(Data entries)

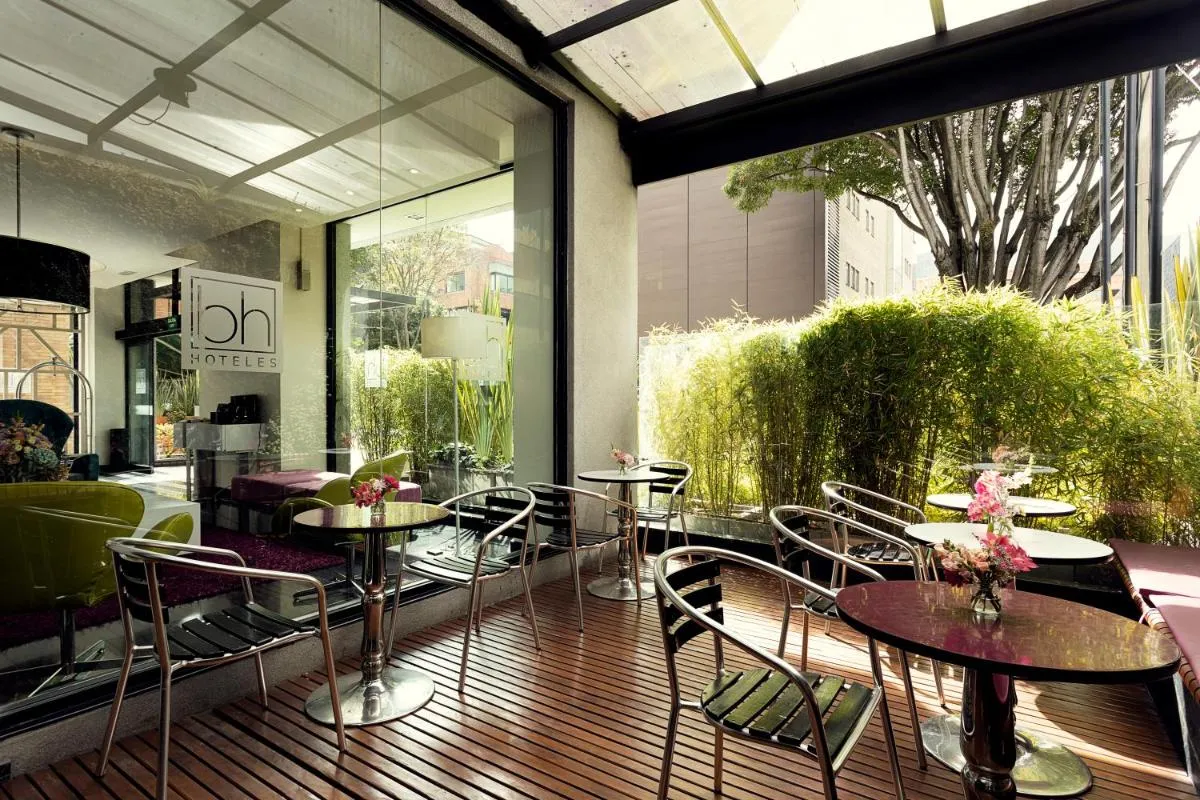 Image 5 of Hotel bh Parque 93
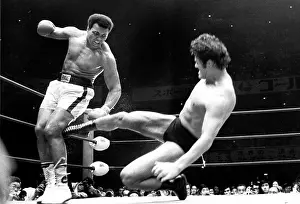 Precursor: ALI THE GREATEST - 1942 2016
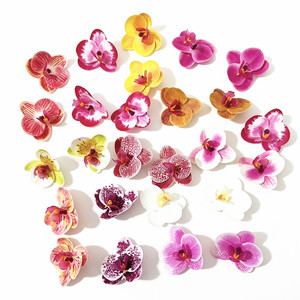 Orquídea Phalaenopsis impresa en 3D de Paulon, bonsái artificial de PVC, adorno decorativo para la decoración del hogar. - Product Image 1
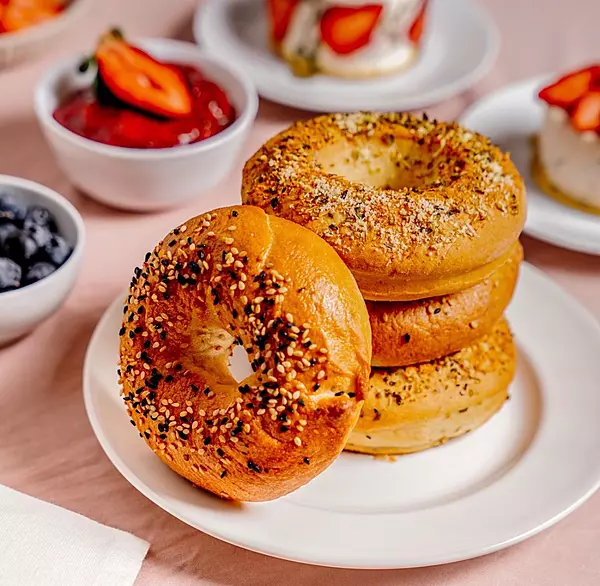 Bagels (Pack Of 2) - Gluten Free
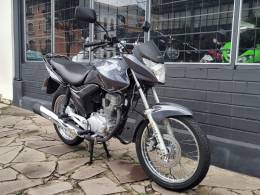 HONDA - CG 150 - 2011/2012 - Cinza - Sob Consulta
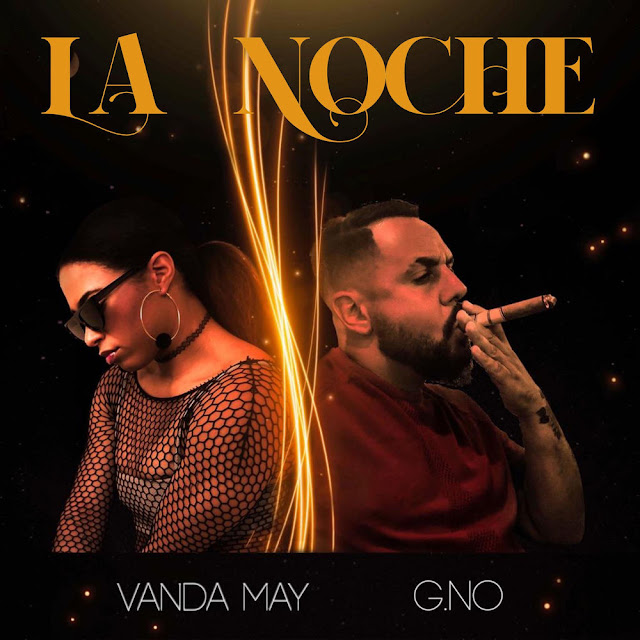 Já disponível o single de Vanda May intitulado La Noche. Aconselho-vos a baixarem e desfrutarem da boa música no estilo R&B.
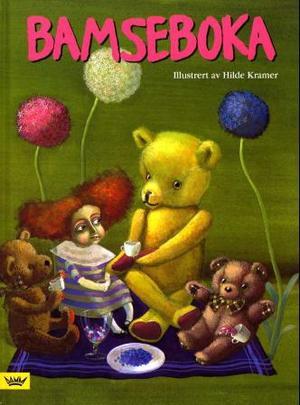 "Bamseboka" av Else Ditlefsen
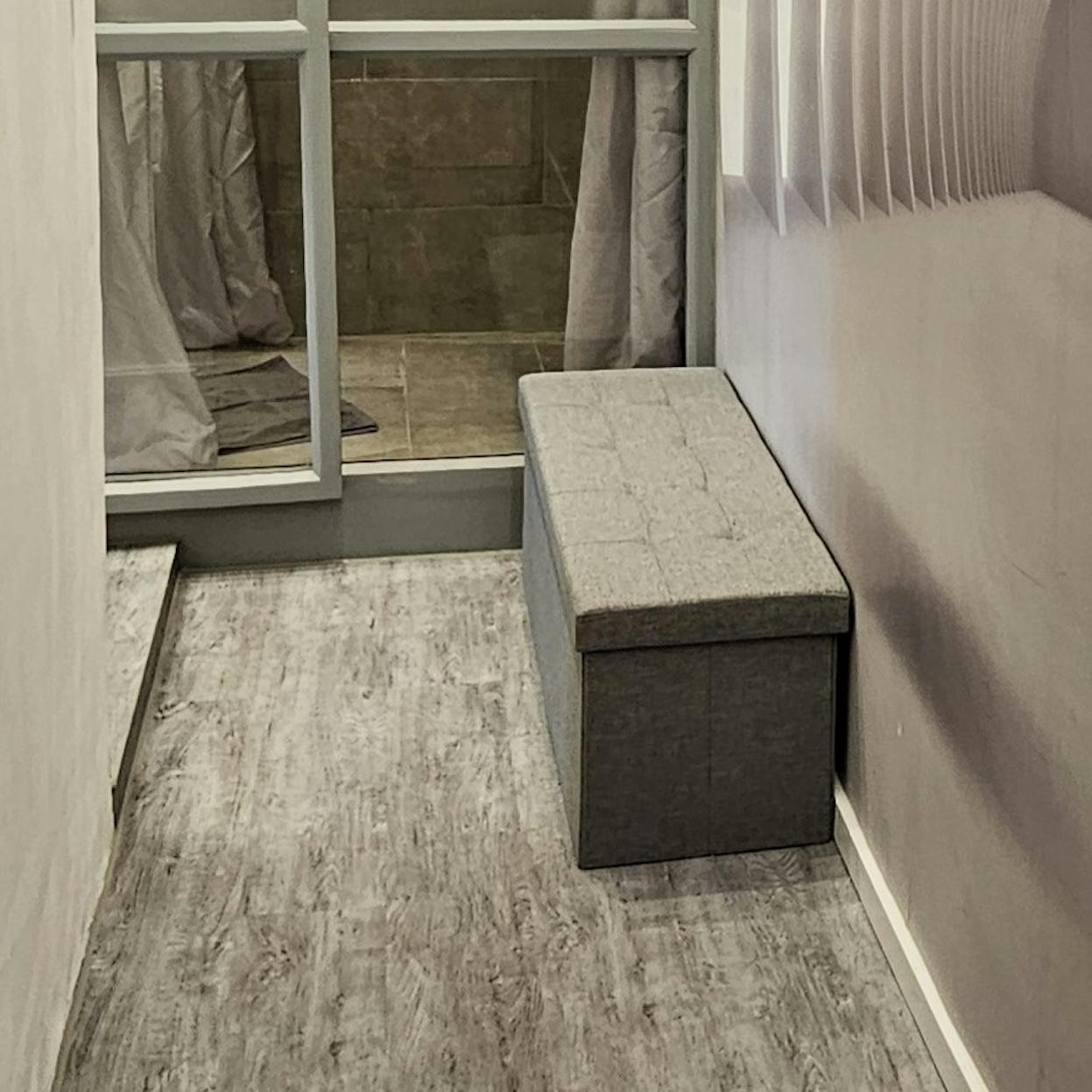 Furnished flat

--

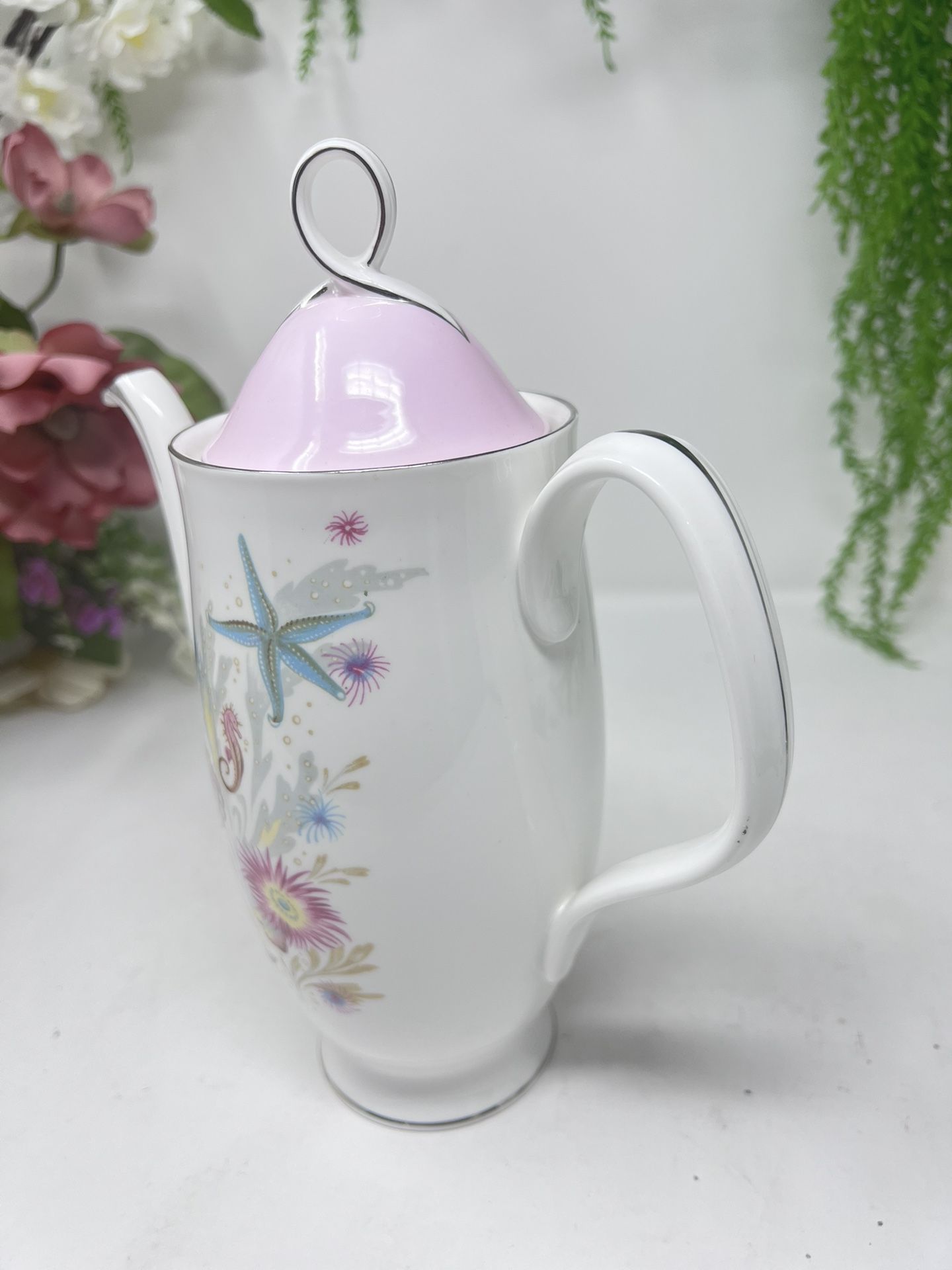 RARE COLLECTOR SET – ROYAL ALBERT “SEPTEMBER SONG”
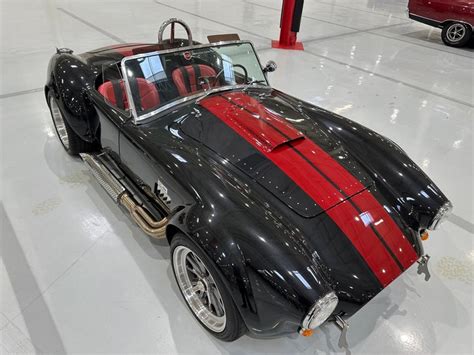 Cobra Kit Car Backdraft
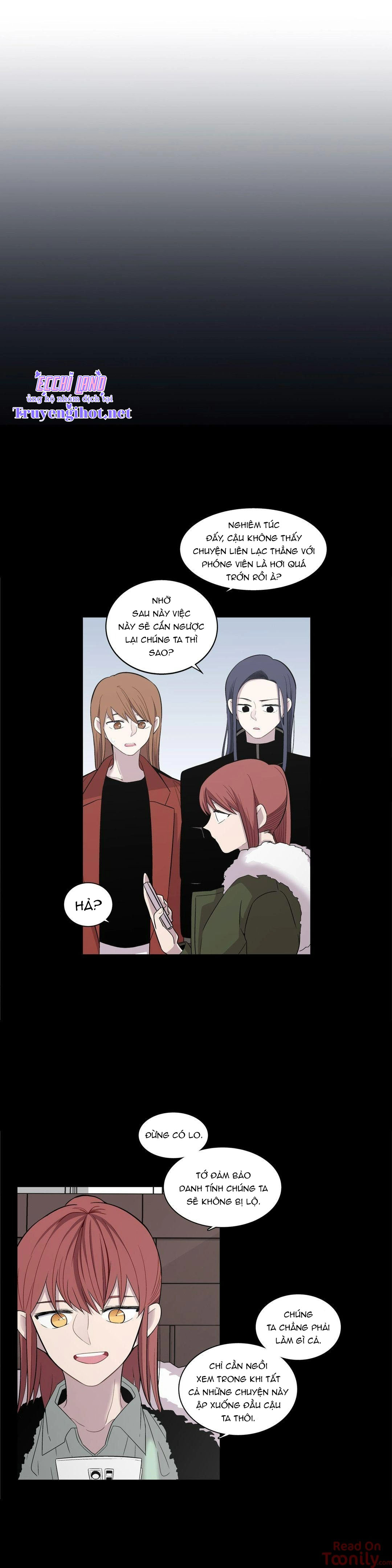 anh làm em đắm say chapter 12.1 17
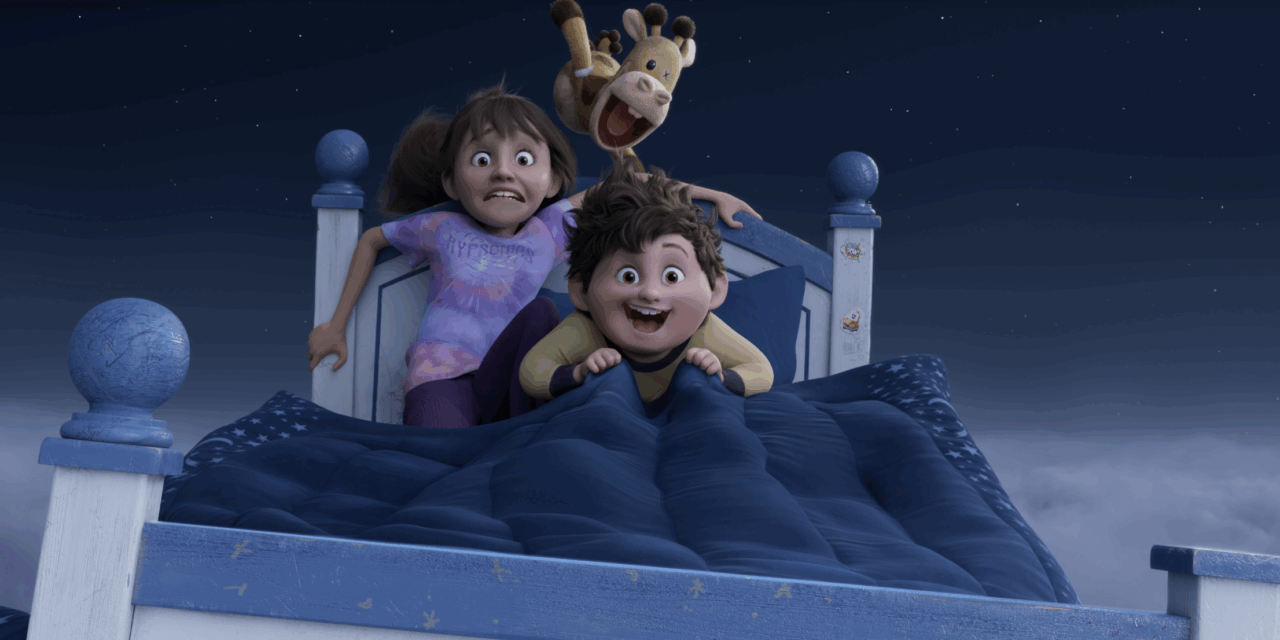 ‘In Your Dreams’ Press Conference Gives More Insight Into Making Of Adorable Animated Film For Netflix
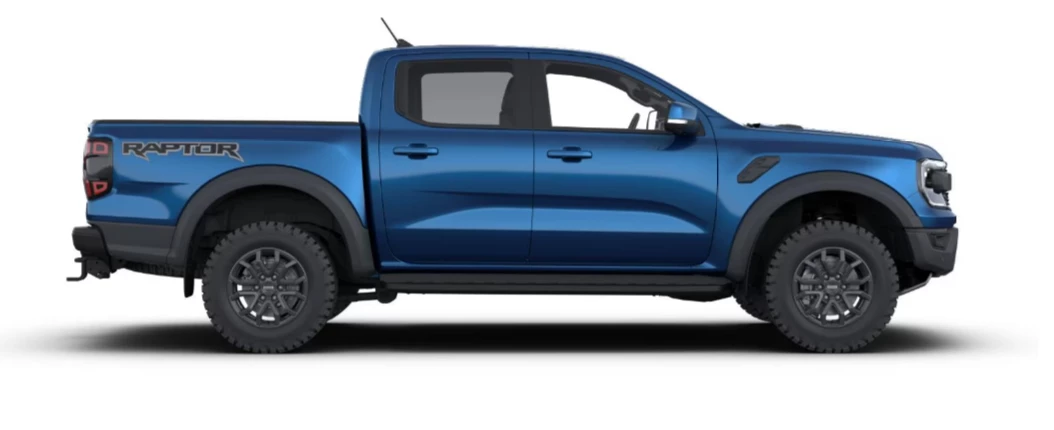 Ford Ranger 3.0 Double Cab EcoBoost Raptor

TO DO: Go down the entries above from the line containing "RARE COLLECTOR SET" to the line containing "Ford Ranger 3.0 Double Cab EcoBoost Raptor" and write out each line exactly, leaving pictures out.

SOLUTION FOR THIS EXERCISE:
 RARE COLLECTOR SET – ROYAL ALBERT “SEPTEMBER SONG”
 Cobra Kit Car Backdraft
 anh làm em đắm say chapter 12.1 17
 ‘In Your Dreams’ Press Conference Gives More Insight Into Making Of Adorable Animated Film For Netflix
 Ford Ranger 3.0 Double Cab EcoBoost Raptor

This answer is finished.